A recent survey of children between the ages of one and 14 reveals conditions are not improving in regards to family members using violence as a form of discipline.

Results of the survey, which found 68% of children endure physical violence from relatives, were released at an event organized by the Management and Sustainable Development Institute (MSD) on December 13.

The numbers closely coincide with figures released last year claiming 68% of Vietnamese children suffer from mental and physical abuse from parents. Statistics from previous research done in November 2017 by the General Statistics Office also showed 74% of Vietnamese children aged two to 14 are punished physically by family members or nannies.

Worryingly, the number of child abuse cases has risen in recent years. The Ho Chi Minh City People’s Committee reported that from 2015 to 2019, there were 782 child abuse cases in the city, compared to 691 cases from 2011 to 2014.

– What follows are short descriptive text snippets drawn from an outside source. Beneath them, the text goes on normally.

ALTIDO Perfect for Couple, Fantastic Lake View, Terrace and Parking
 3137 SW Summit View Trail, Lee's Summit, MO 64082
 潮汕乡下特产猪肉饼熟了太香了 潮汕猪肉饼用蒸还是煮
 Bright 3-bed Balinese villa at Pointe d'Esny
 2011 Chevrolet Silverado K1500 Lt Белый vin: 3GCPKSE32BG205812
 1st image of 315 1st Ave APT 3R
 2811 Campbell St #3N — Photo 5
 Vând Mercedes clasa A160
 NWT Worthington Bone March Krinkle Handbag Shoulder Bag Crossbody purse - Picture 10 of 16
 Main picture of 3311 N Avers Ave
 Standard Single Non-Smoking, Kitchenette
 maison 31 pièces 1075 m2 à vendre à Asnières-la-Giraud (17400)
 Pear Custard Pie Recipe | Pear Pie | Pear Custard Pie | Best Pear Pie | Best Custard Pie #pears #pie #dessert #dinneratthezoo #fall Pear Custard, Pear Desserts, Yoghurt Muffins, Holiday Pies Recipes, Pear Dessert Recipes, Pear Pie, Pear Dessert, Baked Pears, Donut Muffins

Speaking at last week’s event, Ninh Thi Hong, permanent deputy chairwoman of the Vietnam Association for the Protection of Children’s Rights, gave reasons for the prevalence of violence directed at children. These include Vietnamese parents’ belief in the mantra “spare the rod and spoil the child,” as well as setting unrealistic expectations that result in violence when they are not met. 

Le Tran Kim Linh, a girl from Saigon, addressed the event's audience and stressed the need for parents and teachers to listen to students to truly understand them. “Please talk to us to help us solve our problems and educate children with love,” she said. 

A series of high-profile incidents involving violence against children has put a spotlight on the issue. In 2018, Vietnamese police recorded 1,547 child abuse cases, but experts suspect that the culture of secrecy around abuse represses reporting.

Risks for domestic abuse are also one criteria the Save the Children’s Fund uses when determining its End of Childhood rankings. Last year, Vietnam fell four places on the list to 96 out of 150 countries. 

Authorities are looking for remedies to the continued violence that shows little sign of improving. In 2017, the Ministry of Labor, War Invalids and Social Affairs established a new 111 hotline to report abuse cases. The new number and the longer one it replaced have received more than three million calls since being founded in 2004. 

Moreover, earlier this year the municipal People’s Committee proposed to the Ministry of Justice that a police force specializing in child protection should be established, while regular training should also be provided to improve skills and knowledge among police officers, state officials, courts and judges when it comes to child abuse cases.

Saigon schools have also begun installing security cameras to safeguard against abuse that occurs outside the home.